Stuck in the city today as werk's xmas party - a Christmas in July affair - is tonight. The snowdrops will, I am sure, be up real soon, p'raps even as I type which means that we will be busybusy in the garden before long. For now, though, we can afford a day off here and there. Things are on the verge of bursting; the deep breath before the plunge as Gandalf said.
Werk makes me think of books, of course, and books make me think of cookbooks when I'm in this space of course. I've bought far fewer in recent times than ever before mostly, I think, because of what Jo referred to last night as the Masterchef Effect, i.e. nobody serves dinner any more, they plate it instead. Well, I serve food, maybe you do too. How does one plate baked beans? Anyway, what I mean is that food publishing's gone all fancy and fussy. I am less and less drawn to that kind of cooking. It makes me feel all Bolshie.
Then there's the Paleo Effect. I understand why people are attracted to it as a diet (the lifestyle, less so) and love that vegetables are held in such high esteem, but ya know what? Sometimes, some of the info given is downright wrong. This book (The Paleo Cafe) states that, and I quote, "Grains have no nutritional value".

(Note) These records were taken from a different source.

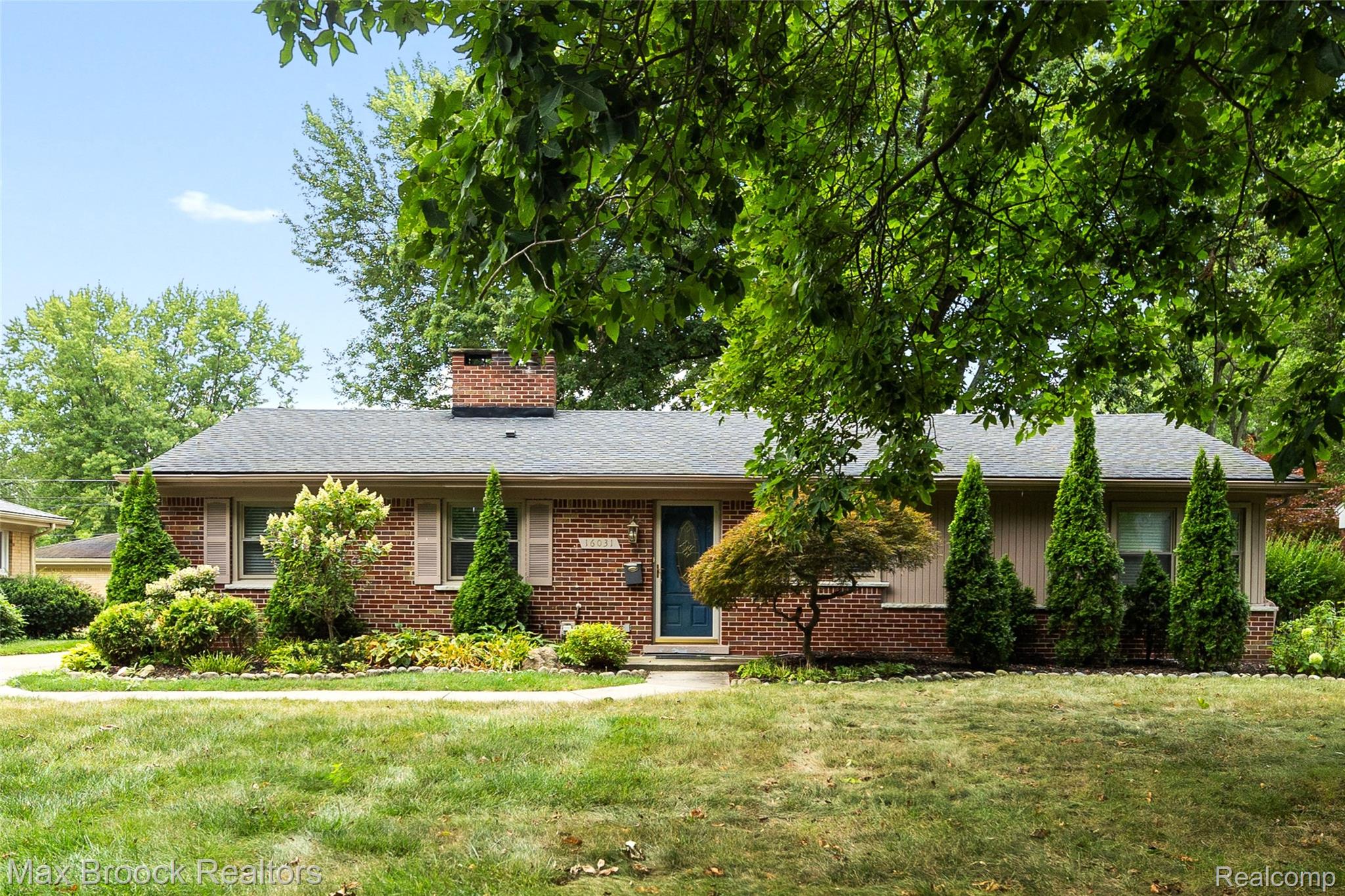 16031 Buckingham Avenue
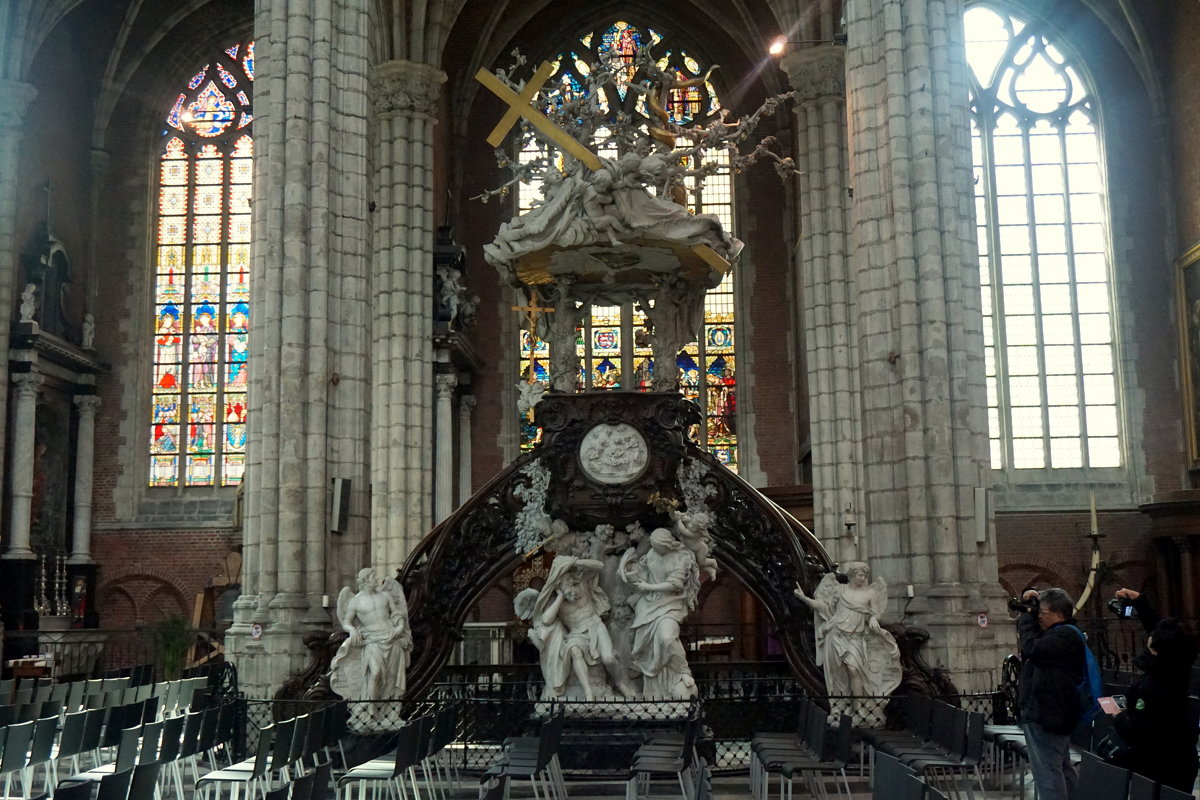 Собор Св. Бавона, где хранится знаменитый Гентский алтарь. - Виктор Качалов
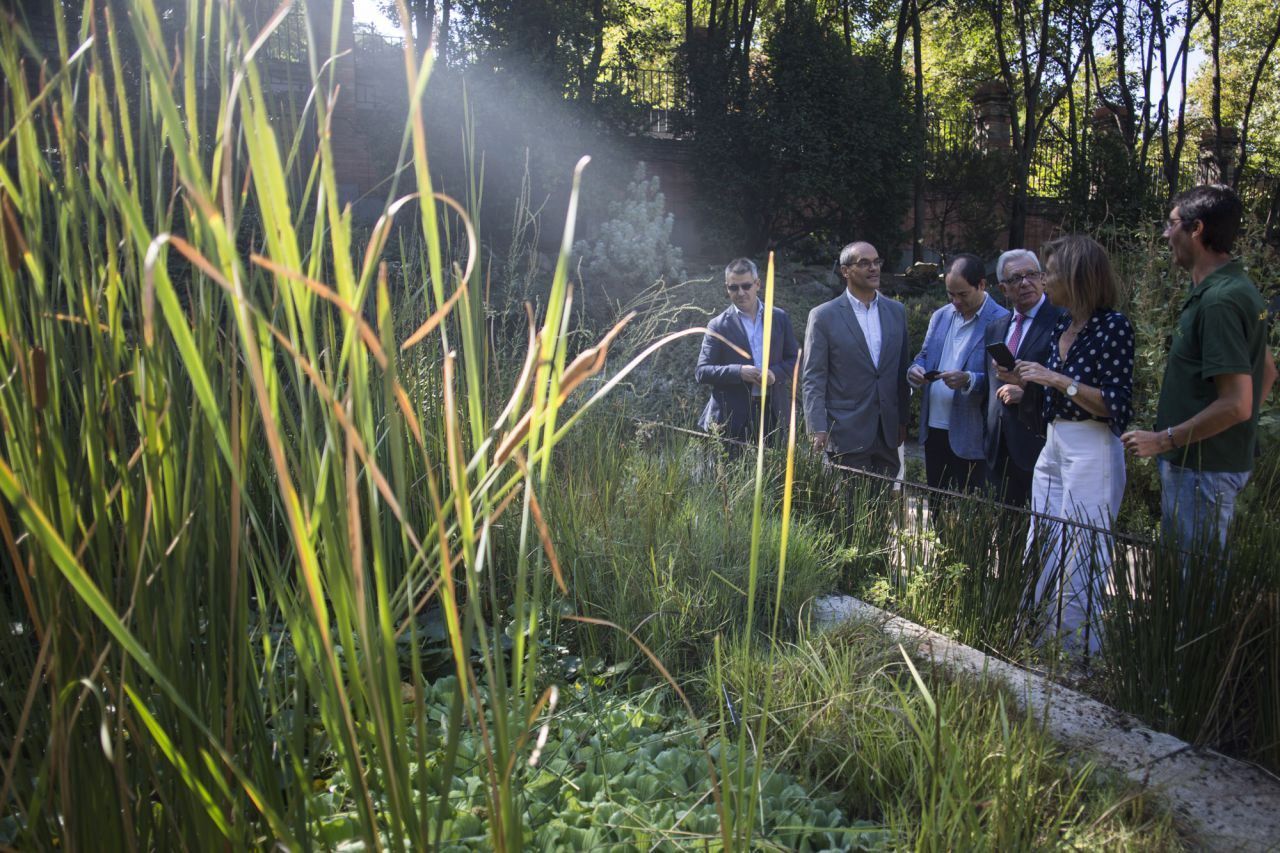 El consejero de Educación de la Comunidad de Madrid, Rafael Van Grieken junto a Jésus Sánchez Martos, director de la Fundación para el conocimiento Madri+D, visitan la actividad de la Noche Europea de los Investigadores en el Real Jardín Botánico.
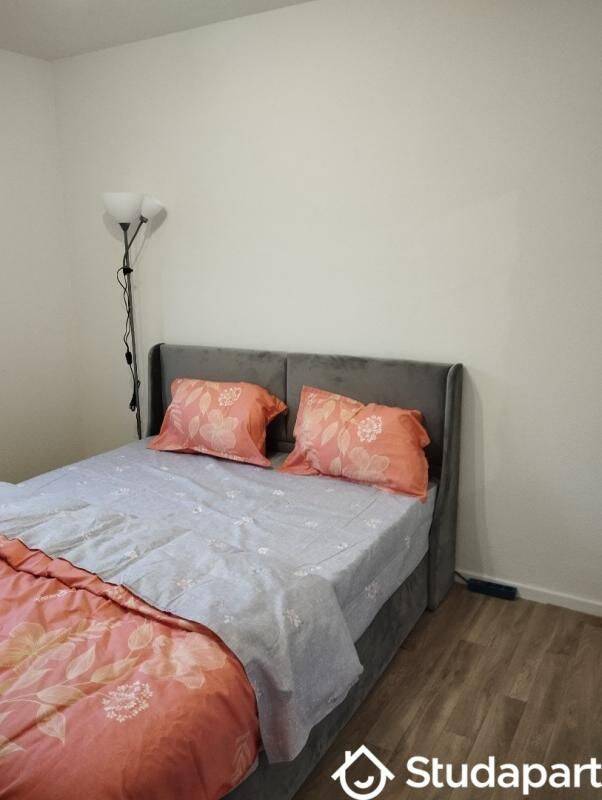 1 pièce 13 m² · à Besançon · 13 m² · 470 €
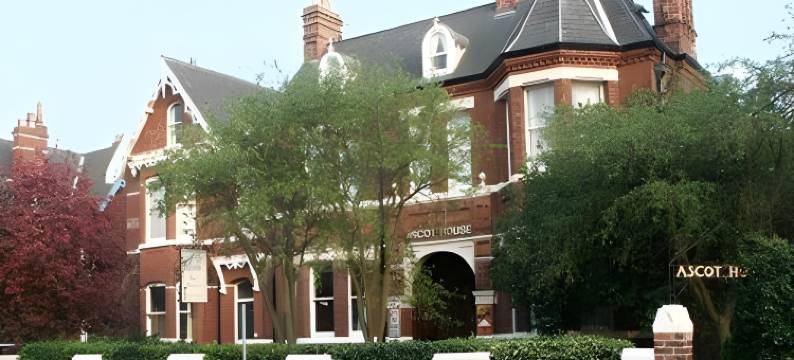 阿斯科特酒店(Ascot House)图片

No explanation is offered to prove this statement. Just grains have no nutritional value. Nick at werk is a super smart university science student and when I showed him the passage he was outraged. Cynical cow that I am, I simply rolled my eyes skyward, but it's wrong enough to prompt me to write this, so, there you go. I'd avoid that book based on a lack of basic facts.
There are some goodies, though. I love the Detox Kitchen Bible. Detox is a word to be avoided at all costs, but somehow this one passed the test for me. It's lovely, the recipes are new and interesting, and the photos are a perfect match. Mark Diacono's Year at Otter Farm is glorious, useful and hilarious. Jo and I were in paroxysms of laughter when I told her that he says, of a cake (or pudding or something) that it is, like Eric Clapton, best with cream. It's also a serious piece of writing about his climate change farm, an idea that's really grabbed me. Beautiful photos. Couldn't ask for more. Also, STICKY MEDLAR TOFFEE PUDDING. Hands down the best use of next door's medlars yet.
But the book I want you to know about is Emma Galloway's My Darling Lemon Thyme. It's a winner, pretty much my current kitchen bible. Simple, affordable food that is, yes, gluten- and mostly dairy-free, but it's also just a really, really solid cookbook. Every single recipe works, and how many cookbooks can one say that of?
Any faves you're reading/using/loving?